TORONTO (Reuters) - The Canadian dollar strengthened against its U.S. counterpart on Friday, as a sell-off in the U.S. dollar outweighed weaker-than-forecast domestic retail sales for January, which had initially dragged on the currency.
Retail sales fell for a second month, down 1.7 percent to C$41.46 billion, as gasoline sales posted the biggest monthly drop since November 2008 and consumers spent less on new cars. Sales fell in 7 of 11 subsectors, representing 83 percent of retail trade.

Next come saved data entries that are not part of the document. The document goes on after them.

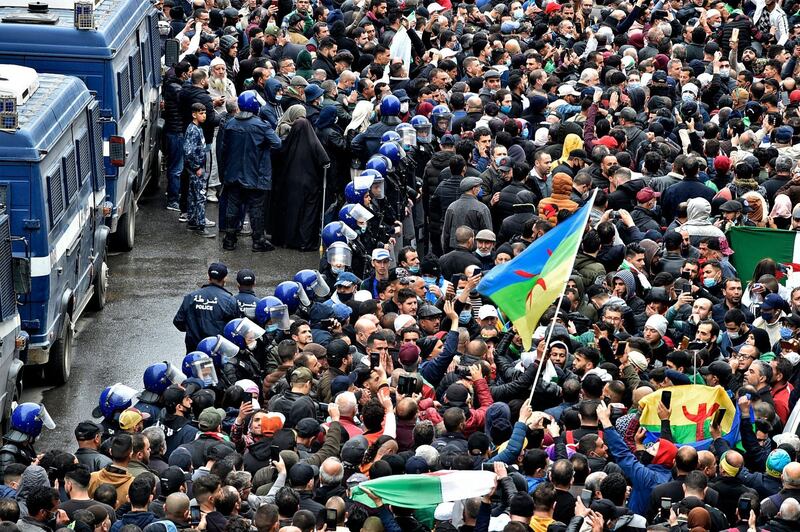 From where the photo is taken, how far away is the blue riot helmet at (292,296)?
1711 centimetres

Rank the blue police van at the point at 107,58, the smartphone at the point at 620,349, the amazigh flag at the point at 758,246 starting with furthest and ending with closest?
the blue police van at the point at 107,58
the amazigh flag at the point at 758,246
the smartphone at the point at 620,349

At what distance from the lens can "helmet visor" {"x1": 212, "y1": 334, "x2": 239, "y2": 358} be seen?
15.8m

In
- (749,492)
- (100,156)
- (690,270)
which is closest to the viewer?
(749,492)

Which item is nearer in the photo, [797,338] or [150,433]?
[150,433]

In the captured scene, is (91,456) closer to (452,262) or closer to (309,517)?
(309,517)

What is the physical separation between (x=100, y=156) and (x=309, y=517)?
864 cm

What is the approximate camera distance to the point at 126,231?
22.1m

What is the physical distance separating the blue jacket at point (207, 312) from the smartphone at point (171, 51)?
7.67 meters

“The retail sales miss ... isn’t surprising considering that the Bank of Canada had provided guidance that Q1 data was going to be weak,” said Brad Schruder, director of foreign exchange at BMO Capital Markets.
Inflation data for February was unchanged from January, holding at 1 percent as cheap gasoline prices continued to weigh on the index.

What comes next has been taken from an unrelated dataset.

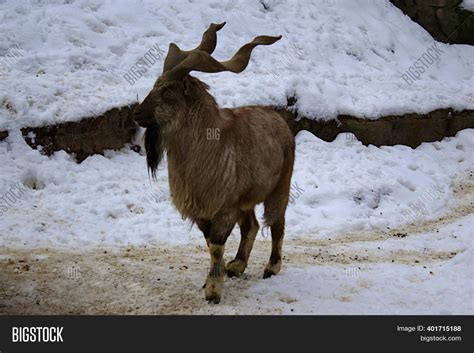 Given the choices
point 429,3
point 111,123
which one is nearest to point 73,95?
point 111,123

Schruder said the data likely gives the Bank of Canada confidence about their projections, adding there was little momentum to break out of existing trading ranges based on Friday’s numbers.

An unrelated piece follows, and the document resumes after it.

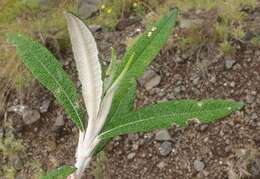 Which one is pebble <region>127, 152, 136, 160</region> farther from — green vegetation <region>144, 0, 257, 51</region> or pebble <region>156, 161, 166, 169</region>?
green vegetation <region>144, 0, 257, 51</region>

The Canadian dollar CAD=D4 was trading at C$1.2637 against the U.S. dollar, or 79.13 U.S. cents at around 9:28 a.m. (1328 GMT), nearly a cent stronger than Thursday’s Bank of Canada close at C$1.2726, or 78.58 U.S. cents.
Shortly after the data, the loonie had touched C$1.2724, or 78.59 U.S. cents, the weakest level of the session.
“The market is going back to watching what’s happening in euro/dollar and dollar/yen,” said Schruder, adding the market was “looking for directional cues there as to whether or not all the froth that was in the buck ahead of the FOMC is indeed now gone or if there is still a little bit more to come before U.S. dollar appreciation across the board takes hold again.”
Canadian government bond prices were higher across the maturity curve, with the two-year CA2YT=RR adding 4 Canadian cents to yield 0.454 percent and the benchmark 10-year CA10YT=RR rising 20 Canadian cents to yield 1.294 percent.